Od sezonu 2016 praktycznie ciągłe życie na walizkach. Po Lesznie były już wspomniane wyżej Rybnik i Częstochowa teraz Łódź, a wszystko na to wskazuje, że od 2020 będzie przejawiający mocarstwowe ambicje Toruń. Tę ostatnią zmianę można w końcu rozpatrywać w kategoriach sportowego awansu.
Przed niedawno skończonym sezonem 26-latek po chudych latach postanowił zrobić krok do tyłu i odbudować się w Nice 1.LŻ. Teraz tylko od niego zależy, czy w ekipie faworyta do wygrania zaplecza udźwignie presję i wróci do najlepszej ligi świata, czy nadal będzie krążył między klasami z łatką żużlowca za słabego na PGE Ekstraligę, ale też wyrastającego ponad przeciętność w Nice 1. LŻ.

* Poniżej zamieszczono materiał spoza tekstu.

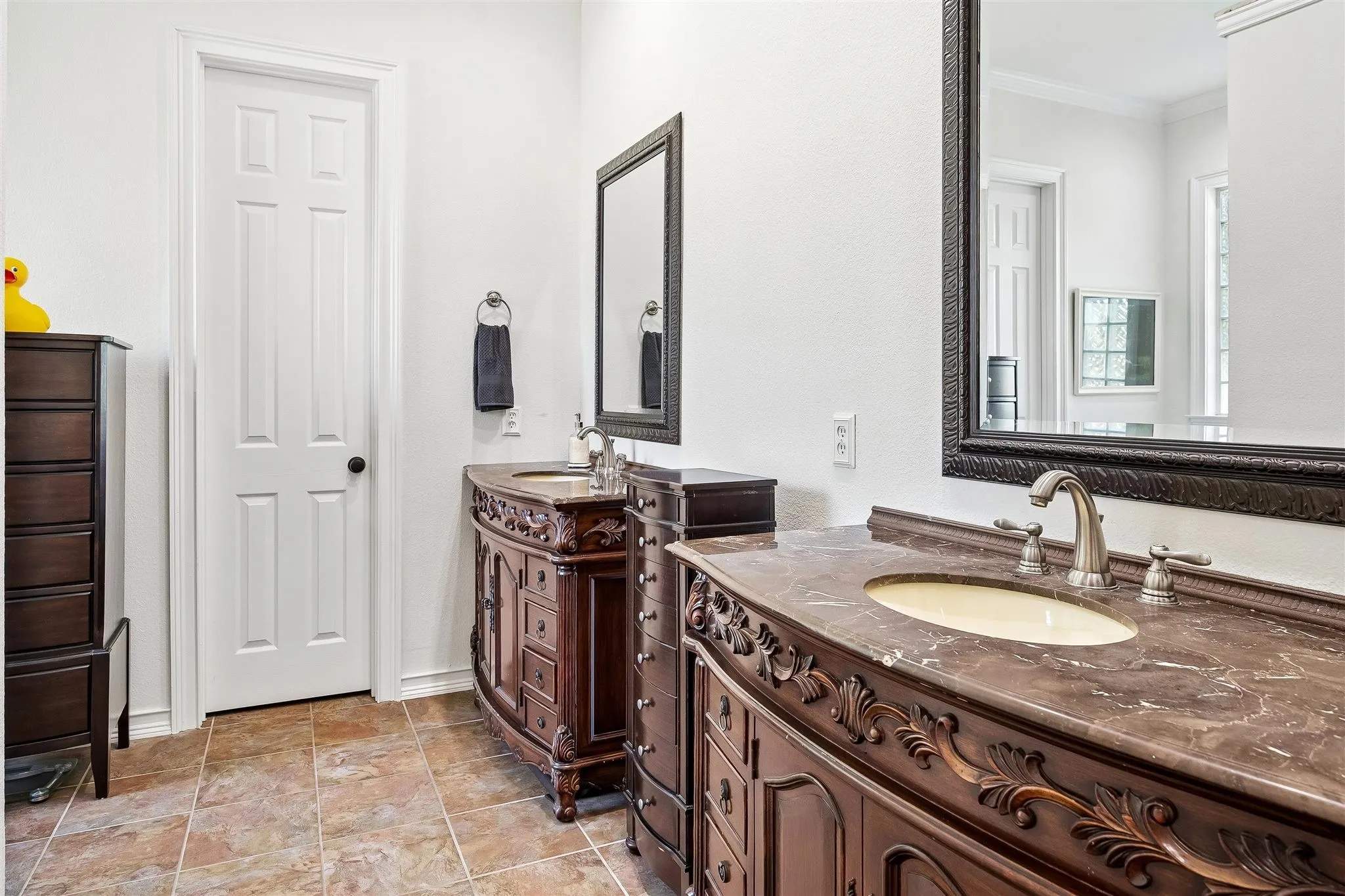 Single Family Residence For Sale in Denton County , 900 Coral Cove, Oak Point, Texas 75068, 6 Bedroom, 4 Bathroom, 3 Garage spaces, 4,816 Sqft, built in 1996, mls#21324974, Real Estate Agent in Oak Point, Homes For Sale in Denton county, Homes For Sale in Oak Point, Realtor in Oak Point Texas, Real Estate Brokerage Independent Realty Texas, Luminita Cordes Realtor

CZYTAJ TAKŻE: Musielak z szansą na drugi tytuł w Anglii
Musielak wyszedł z założenia, że najlepszą receptą na powrót do wysokiej dyspozycji będzie zahaczenie się w lidze angielskiej i jak największa dawka spotkań o stawkę. Oazę i przystań znalazł w Swindon Robins. Wśród Rudzików czuje się jak w domu. Jest ulubieńcem miejscowych kibiców i podczas gdy inni Polacy raczej rezygnują z występów w Premiership, on teraz szykuje się do finału przeciwko Ipswich Witches.
Będzie tam Biało-Czerwonym rodzynkiem w angielskim cieście. Jest też aktualnie jednym z ostatnich naszych Mohikanów na tamtejszych arenach. I choć wielu powie, że prestiż ligi z każdym sezonem upada, to sukcesu Tobiasza nie powinniśmy w żadnym wypadku deprecjonować. Warto dodać, że Tobiasz stoi przed szansą na drugie mistrzostwo Anglii w barwach Robins. Dwa lata temu rywalem Musielaka i spółki było Wolverhampton Wolves.
Musielak jest raczej lubiany w speedway'owym światku. Elokwentny, uprzejmy, zawsze ma coś interesującego do powiedzenia. Nic zatem dziwnego, że jak ma tylko wolne, stacje telewizyjne bardzo chętnie zapraszają go do siebie, aby skomentował w studio poczynania kolegów i wydarzenia na torze. Bez cienia wątpliwości jednak Tobiasz życzyłby sobie, aby częściej niż na szklanym ekranie pojawiał się pierwszy tuż po przecięciu linii mety.